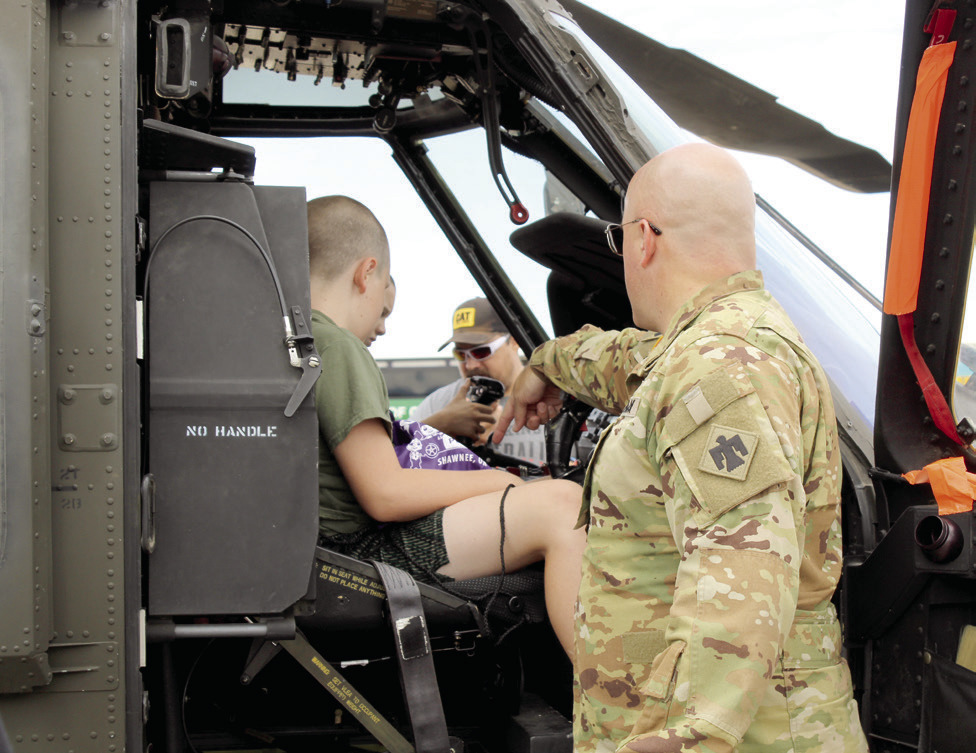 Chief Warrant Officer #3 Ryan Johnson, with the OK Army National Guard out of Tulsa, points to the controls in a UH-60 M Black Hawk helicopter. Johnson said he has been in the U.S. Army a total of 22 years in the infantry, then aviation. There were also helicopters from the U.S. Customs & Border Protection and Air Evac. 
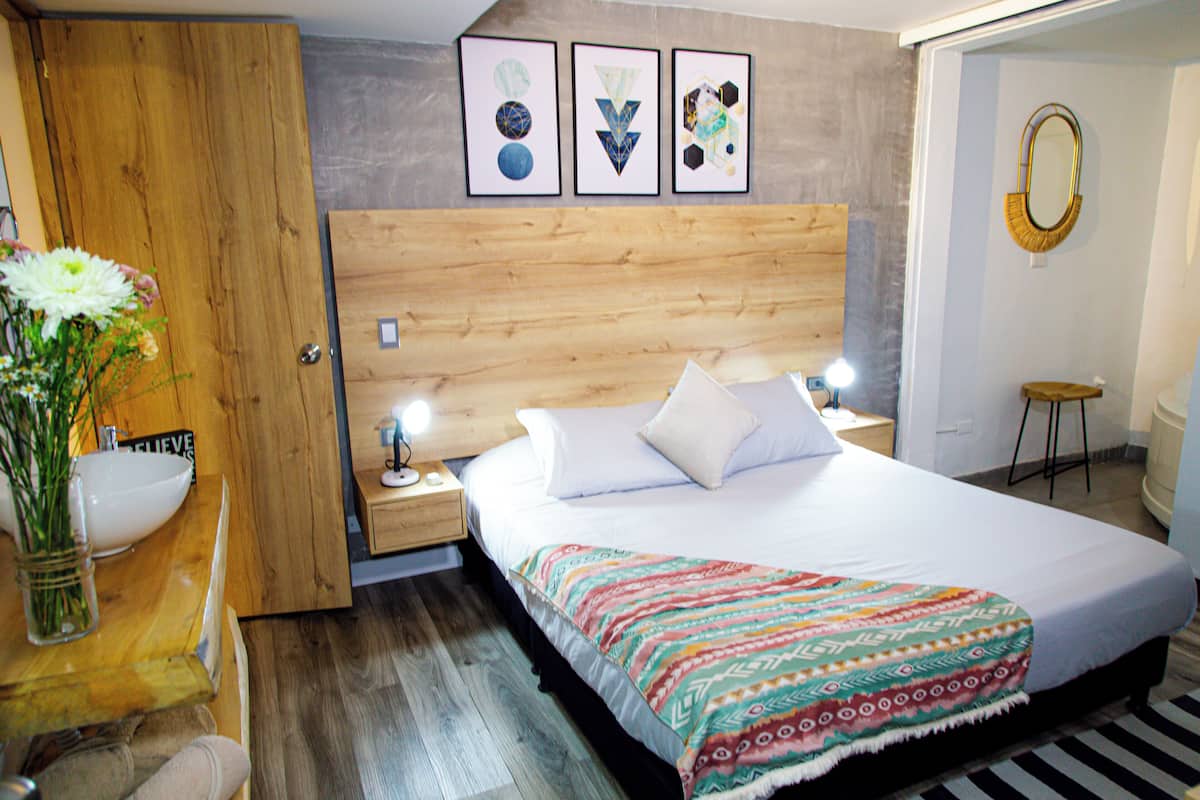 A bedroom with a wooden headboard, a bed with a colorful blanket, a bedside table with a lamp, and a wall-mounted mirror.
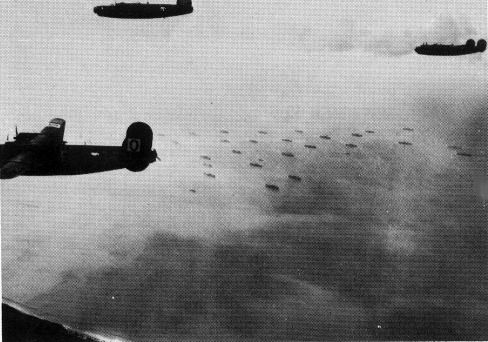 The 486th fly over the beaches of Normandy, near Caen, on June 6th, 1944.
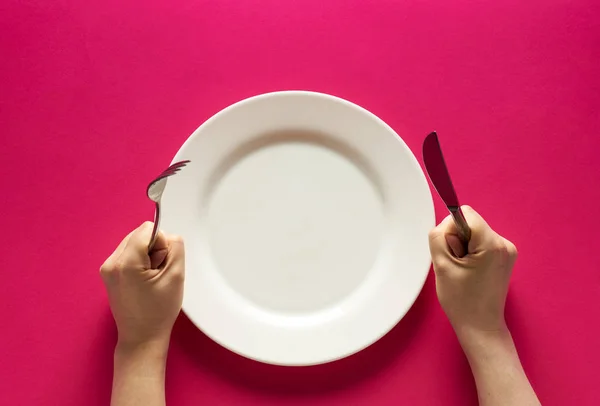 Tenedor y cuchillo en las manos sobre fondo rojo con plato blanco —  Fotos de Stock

* Exercise requirements
Word for word, retype all of the data above, but include no pictures.

* Your response
 Chief Warrant Officer #3 Ryan Johnson, with the OK Army National Guard out of Tulsa, points to the controls in a UH-60 M Black Hawk helicopter. Johnson said he has been in the U.S. Army a total of 22 years in the infantry, then aviation. There were also helicopters from the U.S. Customs & Border Protection and Air Evac. 
 A bedroom with a wooden headboard, a bed with a colorful blanket, a bedside table with a lamp, and a wall-mounted mirror.
 The 486th fly over the beaches of Normandy, near Caen, on June 6th, 1944.
 Tenedor y cuchillo en las manos sobre fondo rojo con plato blanco —  Fotos de Stock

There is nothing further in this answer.